== Exercise ==
Beginning with the line below that contains "Miniatura 93 de" and ending with the line that contains "Round Brilliant Cut", copy every line exactly. Copy nothing else.

== Materials provided ==
>>>>>

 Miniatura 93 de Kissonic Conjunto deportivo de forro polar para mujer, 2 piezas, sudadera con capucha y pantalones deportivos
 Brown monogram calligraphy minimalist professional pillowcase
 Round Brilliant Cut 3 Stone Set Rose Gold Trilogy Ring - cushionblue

<<<<<
>>>>>

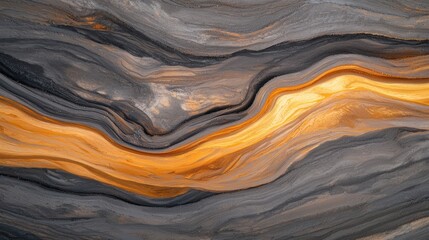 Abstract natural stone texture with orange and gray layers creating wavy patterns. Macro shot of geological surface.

<<<<<
>>>>>

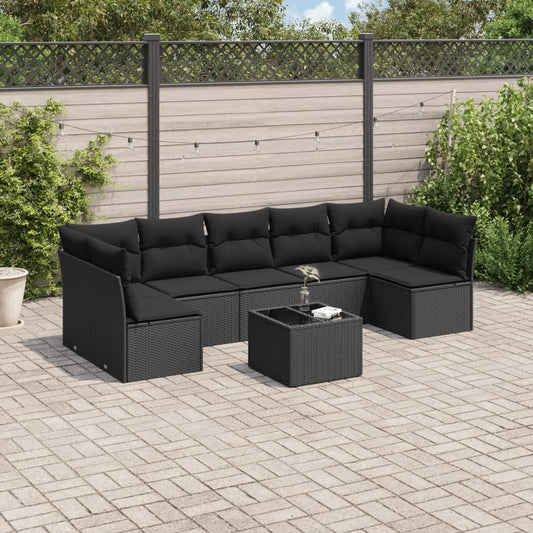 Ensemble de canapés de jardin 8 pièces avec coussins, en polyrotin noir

<<<<<

== Solved problem ==
 Miniatura 93 de Kissonic Conjunto deportivo de forro polar para mujer, 2 piezas, sudadera con capucha y pantalones deportivos
 Brown monogram calligraphy minimalist professional pillowcase
 Round Brilliant Cut 3 Stone Set Rose Gold Trilogy Ring - cushionblue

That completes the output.